A while back someone asked for a recipe on how to make your own seitan. I
have never even had it before, but this is a recipe I found. I got it at
the following link: www.mountainark.com/public_html/belleme.html You can
also find lots of things to do with seitan on this page.
Combine 18 cups whole wheat flour and about 11 cups water in a large (8
quart) bowl or a round plastic dishpan. (This makes a lot. This amount
works well for my family of two adults and one small boy - we love seitan,
and this amount makes a week's worth for us to eat in a variety of dishes.
You can halve this recipe or increase it. If you do change the amount,
remember to adjust the quanity of cooking broth accordingly.)
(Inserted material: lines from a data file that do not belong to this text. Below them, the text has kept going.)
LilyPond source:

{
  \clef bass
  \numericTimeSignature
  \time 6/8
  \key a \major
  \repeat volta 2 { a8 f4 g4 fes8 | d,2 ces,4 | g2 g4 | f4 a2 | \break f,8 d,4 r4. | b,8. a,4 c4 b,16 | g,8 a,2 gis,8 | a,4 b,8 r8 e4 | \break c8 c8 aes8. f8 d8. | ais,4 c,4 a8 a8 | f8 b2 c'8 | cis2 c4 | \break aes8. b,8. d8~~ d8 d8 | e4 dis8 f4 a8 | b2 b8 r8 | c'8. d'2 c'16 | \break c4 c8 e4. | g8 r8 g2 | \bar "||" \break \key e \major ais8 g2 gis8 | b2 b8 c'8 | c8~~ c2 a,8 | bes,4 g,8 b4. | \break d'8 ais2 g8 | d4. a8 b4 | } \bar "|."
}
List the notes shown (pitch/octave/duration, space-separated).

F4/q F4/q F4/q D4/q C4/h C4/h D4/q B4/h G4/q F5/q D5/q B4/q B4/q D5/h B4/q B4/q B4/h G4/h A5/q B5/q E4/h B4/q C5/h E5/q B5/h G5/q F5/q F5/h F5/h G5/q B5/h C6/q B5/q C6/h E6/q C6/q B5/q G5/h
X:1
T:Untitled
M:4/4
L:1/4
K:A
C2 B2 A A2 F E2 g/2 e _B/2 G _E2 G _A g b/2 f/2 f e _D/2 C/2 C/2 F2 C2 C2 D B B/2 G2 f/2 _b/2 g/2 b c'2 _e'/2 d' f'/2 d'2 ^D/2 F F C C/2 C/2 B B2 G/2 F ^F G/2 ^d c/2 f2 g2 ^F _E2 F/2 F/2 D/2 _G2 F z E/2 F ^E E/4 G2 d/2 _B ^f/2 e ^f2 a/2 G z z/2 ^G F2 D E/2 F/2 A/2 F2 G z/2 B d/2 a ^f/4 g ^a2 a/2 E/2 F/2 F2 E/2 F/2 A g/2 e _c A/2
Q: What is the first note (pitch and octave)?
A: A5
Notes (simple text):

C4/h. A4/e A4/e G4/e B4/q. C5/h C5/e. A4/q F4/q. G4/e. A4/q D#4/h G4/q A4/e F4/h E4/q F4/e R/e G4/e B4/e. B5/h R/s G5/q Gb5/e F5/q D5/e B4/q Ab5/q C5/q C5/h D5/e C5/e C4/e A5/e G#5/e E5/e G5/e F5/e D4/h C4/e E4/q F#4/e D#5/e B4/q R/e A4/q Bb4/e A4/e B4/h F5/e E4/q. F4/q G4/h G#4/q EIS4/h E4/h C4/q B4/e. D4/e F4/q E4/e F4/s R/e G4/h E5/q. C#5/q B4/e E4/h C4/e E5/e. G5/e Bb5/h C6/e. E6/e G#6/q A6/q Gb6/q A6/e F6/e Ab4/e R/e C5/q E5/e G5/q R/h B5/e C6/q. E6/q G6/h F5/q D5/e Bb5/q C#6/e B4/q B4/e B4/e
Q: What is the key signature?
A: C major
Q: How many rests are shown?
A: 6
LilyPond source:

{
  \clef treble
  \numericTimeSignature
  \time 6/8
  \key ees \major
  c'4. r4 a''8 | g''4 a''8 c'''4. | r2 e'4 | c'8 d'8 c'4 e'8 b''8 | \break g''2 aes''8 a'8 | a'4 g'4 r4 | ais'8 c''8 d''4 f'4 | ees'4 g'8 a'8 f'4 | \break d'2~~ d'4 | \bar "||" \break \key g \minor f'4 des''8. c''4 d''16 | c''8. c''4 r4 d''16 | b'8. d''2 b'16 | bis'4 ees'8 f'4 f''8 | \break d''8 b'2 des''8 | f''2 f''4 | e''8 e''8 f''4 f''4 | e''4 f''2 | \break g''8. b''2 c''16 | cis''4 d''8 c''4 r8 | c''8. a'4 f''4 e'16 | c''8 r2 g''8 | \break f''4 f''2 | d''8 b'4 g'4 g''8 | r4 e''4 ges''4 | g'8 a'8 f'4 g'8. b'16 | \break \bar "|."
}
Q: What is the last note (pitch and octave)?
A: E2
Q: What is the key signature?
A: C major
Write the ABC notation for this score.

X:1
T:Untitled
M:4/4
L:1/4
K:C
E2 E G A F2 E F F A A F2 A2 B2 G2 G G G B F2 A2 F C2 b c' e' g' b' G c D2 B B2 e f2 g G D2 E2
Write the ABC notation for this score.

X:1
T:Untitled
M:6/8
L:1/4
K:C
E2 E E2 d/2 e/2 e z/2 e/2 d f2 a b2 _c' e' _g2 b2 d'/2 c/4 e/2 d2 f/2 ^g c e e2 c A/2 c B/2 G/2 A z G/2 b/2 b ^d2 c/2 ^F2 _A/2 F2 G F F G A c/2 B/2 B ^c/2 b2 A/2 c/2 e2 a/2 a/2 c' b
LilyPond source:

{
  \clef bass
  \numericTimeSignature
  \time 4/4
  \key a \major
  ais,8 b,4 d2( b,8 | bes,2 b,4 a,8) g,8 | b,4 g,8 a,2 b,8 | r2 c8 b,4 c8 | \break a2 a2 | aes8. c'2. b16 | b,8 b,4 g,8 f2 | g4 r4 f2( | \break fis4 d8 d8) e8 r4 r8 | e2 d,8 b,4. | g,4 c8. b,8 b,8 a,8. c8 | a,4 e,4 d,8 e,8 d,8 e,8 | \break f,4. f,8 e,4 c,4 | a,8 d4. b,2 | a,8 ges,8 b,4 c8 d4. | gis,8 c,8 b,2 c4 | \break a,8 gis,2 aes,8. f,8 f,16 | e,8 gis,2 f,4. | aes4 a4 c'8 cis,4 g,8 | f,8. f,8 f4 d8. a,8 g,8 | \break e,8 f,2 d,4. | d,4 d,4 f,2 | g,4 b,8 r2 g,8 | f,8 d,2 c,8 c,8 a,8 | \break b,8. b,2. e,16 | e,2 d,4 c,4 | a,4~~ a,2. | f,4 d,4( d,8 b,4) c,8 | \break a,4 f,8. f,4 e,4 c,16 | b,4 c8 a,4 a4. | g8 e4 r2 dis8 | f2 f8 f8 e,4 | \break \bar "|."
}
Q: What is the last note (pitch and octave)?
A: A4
Knead the dough, which should be quite sticky, for 5-10 minutes. The
easiest way to do this is to set the bowl on a dining table (a counter top
is too high) so you can use your weight effectively rather than just using
your arm muscles. When flour and water are mixed, vigorously punch the
dough with one closed fist, then the other, 300-350 times. Cover dough with
cold water and let sit for at least 3/4 hour. Knead the dough slowly and
carefully in the water until the water becomes thick with white starch.
Pour off the creamy liquid. (This milky, somewhat thick "starch water" from
the first few rinses can be saved - it is excellent in bread recipes and as
a thickener for stews, sauces, etc.) Gently cover dough with water and
knead again. Alternate between warm and cold water rinses, kneading each
time to extract the cream-colored starch. A large colander will help in
draining off the water from the first several kneadings. At first the dough
will seem to be falling apart, and the colander will catch all the little
pieces so you don't lose them down the drain. Sometimes a batch of flour
disintegrates in the washing, instead of separating into strach, bran, and
gluten. In this case you will have to try again with a different type of
whole wheat flour.
After about six rinses, the dough should become rubbery gluten. Remaining
specks of bran or starch can be rinsed away under the tap by pulling the
gluten apart and exposing the inside.
Pull off balls, or form gluten into patties, and drop them into boiling
water. When they rinse, like dumplings, remove and drop them into cold
water.
Prepare seitan seasoning stock: In a large pot combine 14 cups cold water,
two 6-inch strips of kombu, 1 1/4 cups shoyu or tamari, 1/4 cup grated
fresh ginger and, if desired, herbs. For example, try 1 tablespoon each
rosemary and sweet basil and 2 teaspoons thyme, or use a combination of bay
leaf, garlic, and celery seed. Drop gluten balls into stock, bring to a
boil, and cook 2-3 hours over medium heat with lid ajar. (This may seem
like a lot of stock at first, but the gluten absorbs most of it. Also, the
length of cooking time depends on the size of your pieces of gluten. I
divide the gluten into only four equal pieces and cook them for 3 hours.
Smaller pieces take less time.) The seitan is now ready to be used in any
of the following recipes.
Seitan will keep for at least one week refrigerated in its cooking broth.
For longer storage, add more shoyu or tamari to the broth.